*About this task*
Skip every picture and copy only the lines from the one containing "Silikónový náhrdelník na" to the final line of the records below.

*Source records*
--

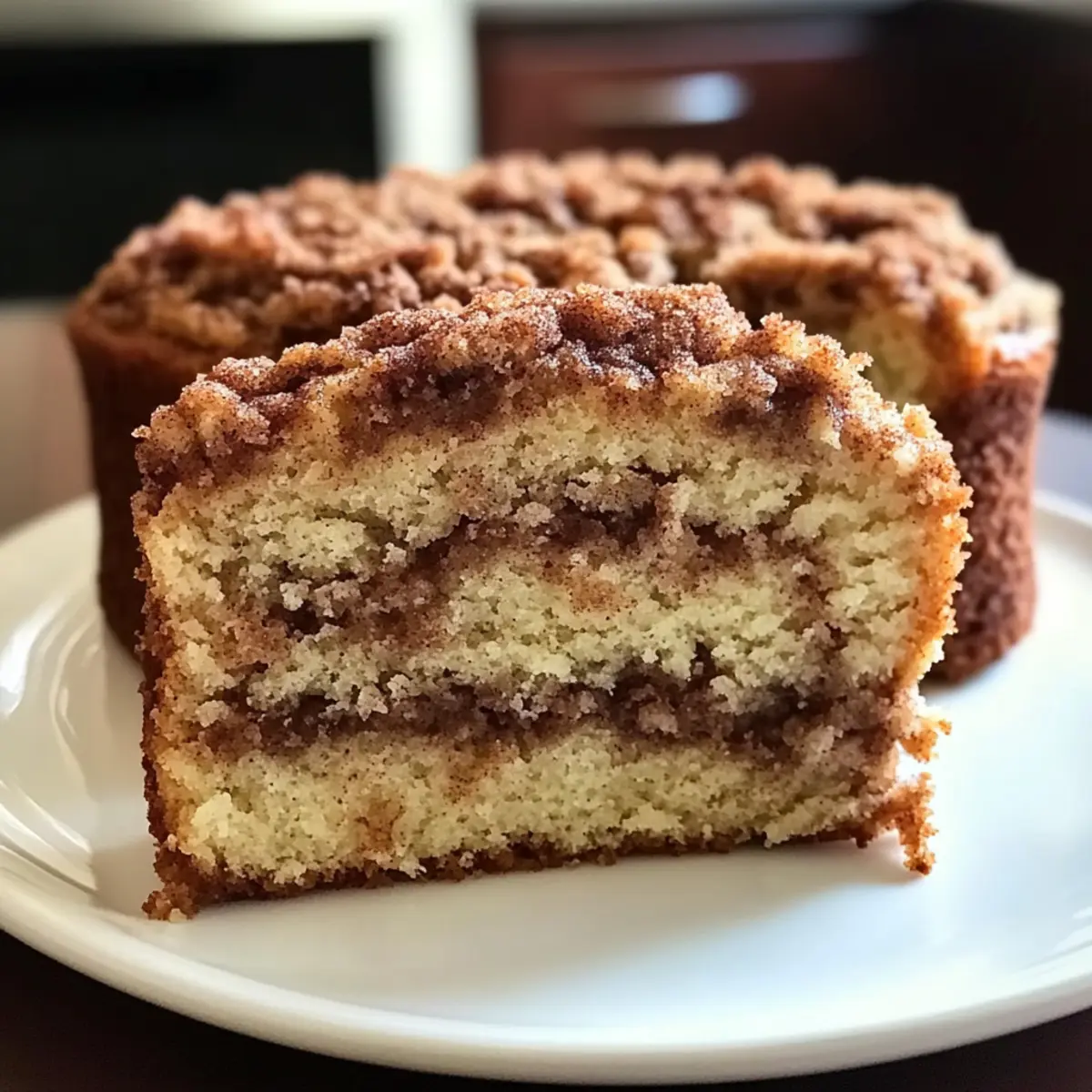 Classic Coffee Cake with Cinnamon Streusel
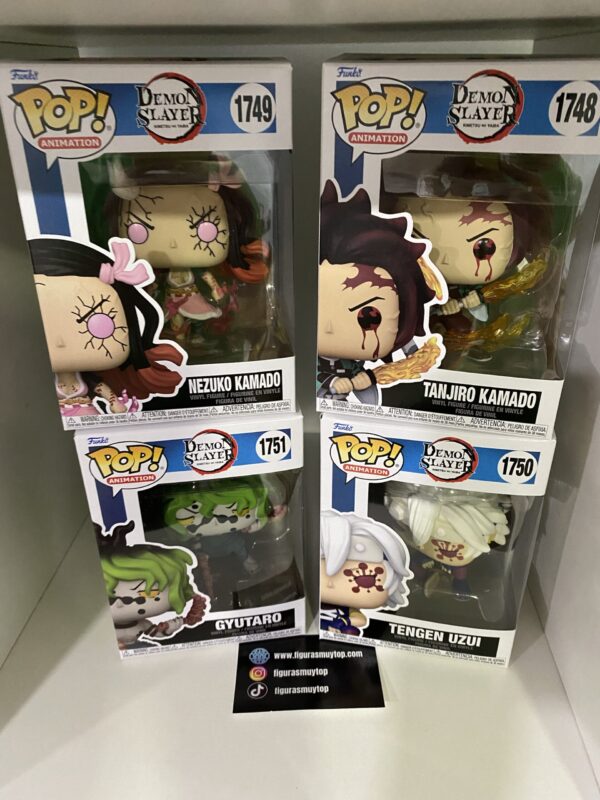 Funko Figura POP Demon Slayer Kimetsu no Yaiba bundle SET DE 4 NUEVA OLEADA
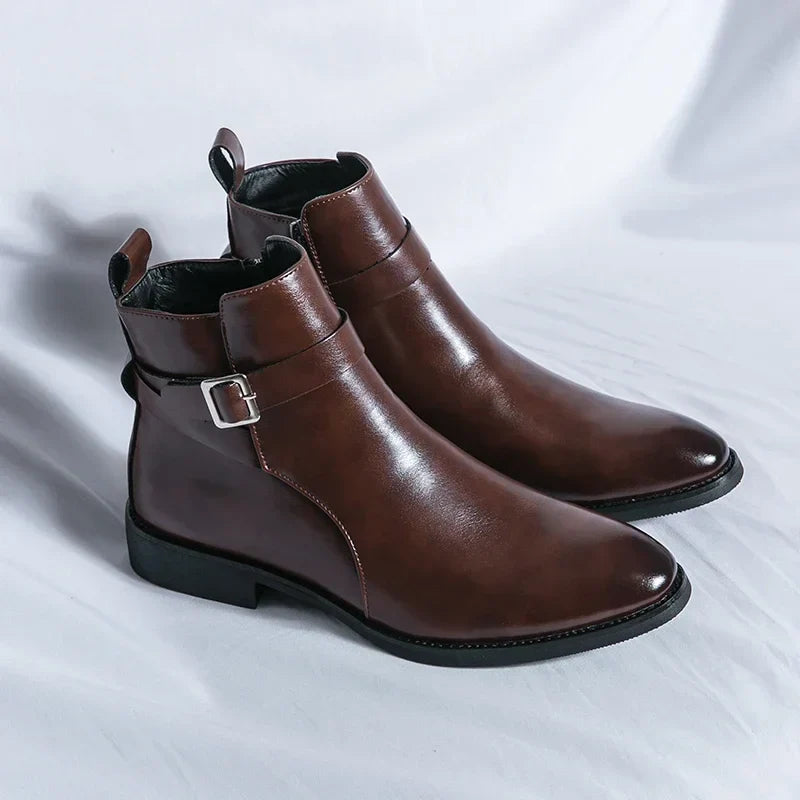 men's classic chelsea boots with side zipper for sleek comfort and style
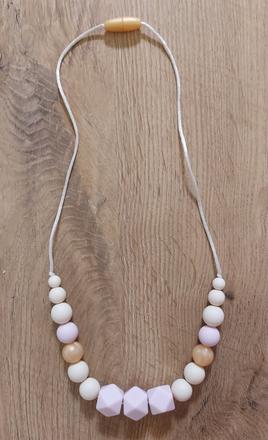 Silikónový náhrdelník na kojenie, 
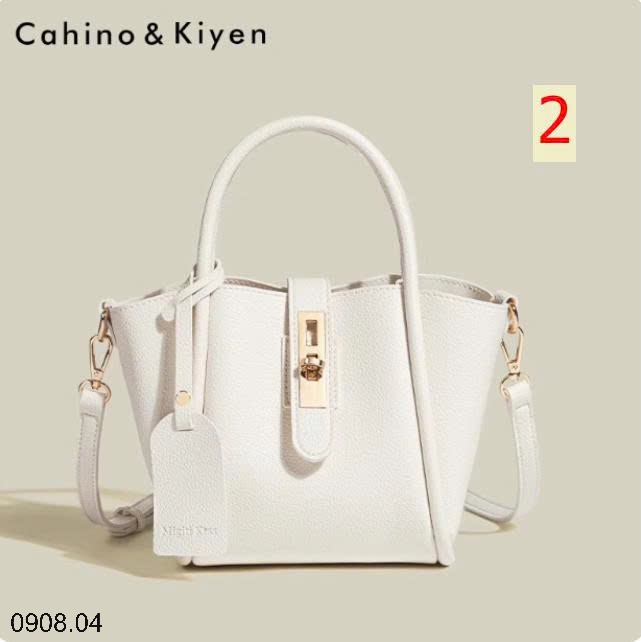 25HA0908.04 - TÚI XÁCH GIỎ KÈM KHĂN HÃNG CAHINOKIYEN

--

*Answer section*
 Silikónový náhrdelník na kojenie, 
 25HA0908.04 - TÚI XÁCH GIỎ KÈM KHĂN HÃNG CAHINOKIYEN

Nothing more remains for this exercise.